== WORK TASK ==
Print exactly, and only, the lines from the one containing "this 860×574 image." through the last line of the records below, both included; leave out the pictures.

SOURCE DATA Block Start

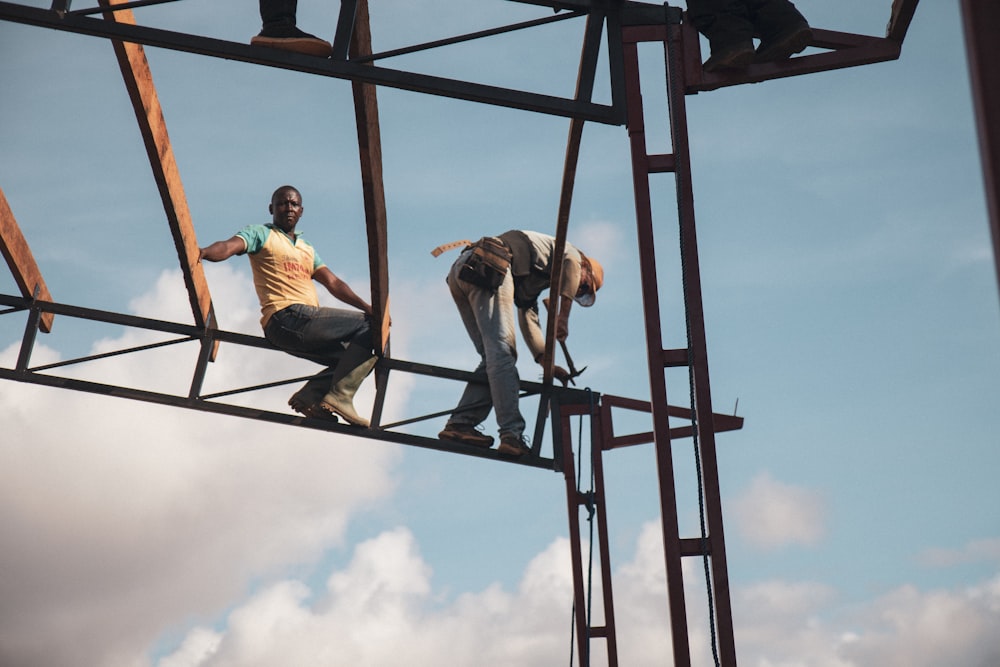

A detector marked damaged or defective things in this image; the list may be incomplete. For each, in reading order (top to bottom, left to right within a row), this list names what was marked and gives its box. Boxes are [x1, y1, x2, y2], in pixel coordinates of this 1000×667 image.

rusted steel beam [0, 187, 54, 332]
rusted steel beam [97, 0, 217, 342]
rusted steel beam [352, 0, 390, 360]
rusted steel beam [960, 0, 1000, 302]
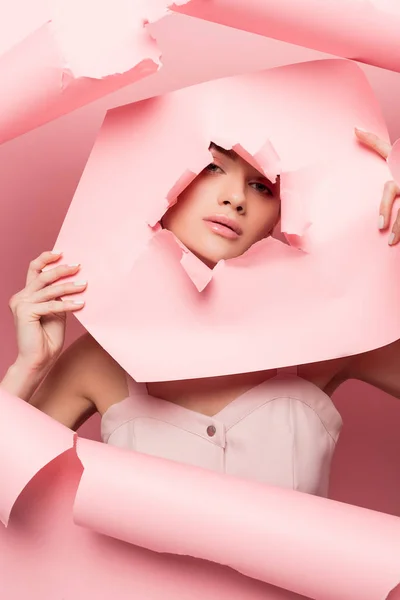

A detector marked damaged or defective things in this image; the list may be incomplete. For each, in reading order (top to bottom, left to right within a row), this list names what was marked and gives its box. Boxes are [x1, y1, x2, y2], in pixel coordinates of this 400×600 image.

pink torn paper [0, 0, 191, 144]
torn paper corner [48, 0, 191, 79]
ragged paper edge [46, 0, 193, 81]
pink torn paper [176, 0, 400, 74]
ragged paper edge [143, 138, 310, 292]
pink torn paper [54, 58, 400, 382]
pink torn paper [0, 386, 74, 524]
torn paper corner [0, 390, 76, 524]
pink torn paper [72, 436, 400, 600]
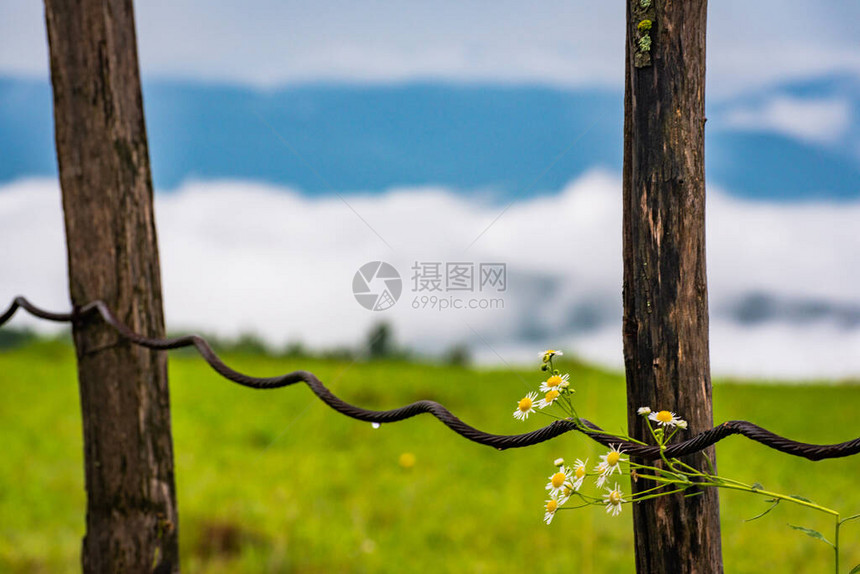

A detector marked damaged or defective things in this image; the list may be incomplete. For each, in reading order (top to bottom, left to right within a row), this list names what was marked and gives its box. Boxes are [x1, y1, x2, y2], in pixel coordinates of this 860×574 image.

rusty wire [5, 296, 860, 464]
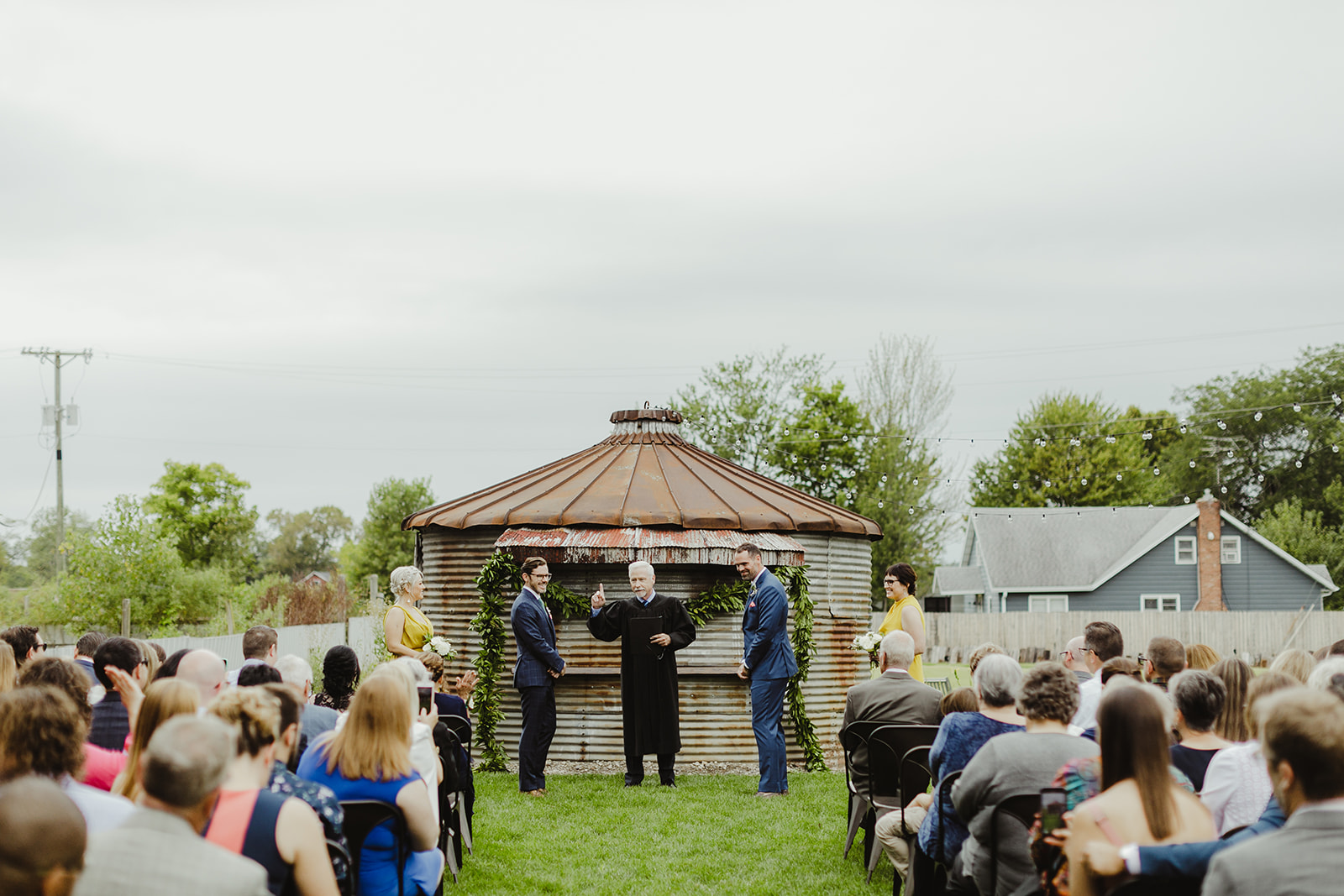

SOURCE DATA Block End

== OUTPUT FOR THIS TASK ==
A detector marked damaged or defective things in this image; the list may be incomplete. For each, in reading order (top to bottom, left to right within a row), this list names what was marked and gives its box. Boxes are [x1, y1, x2, y2], in pixel coordinates of this 860×574 image.

rusty wire [5, 296, 860, 464]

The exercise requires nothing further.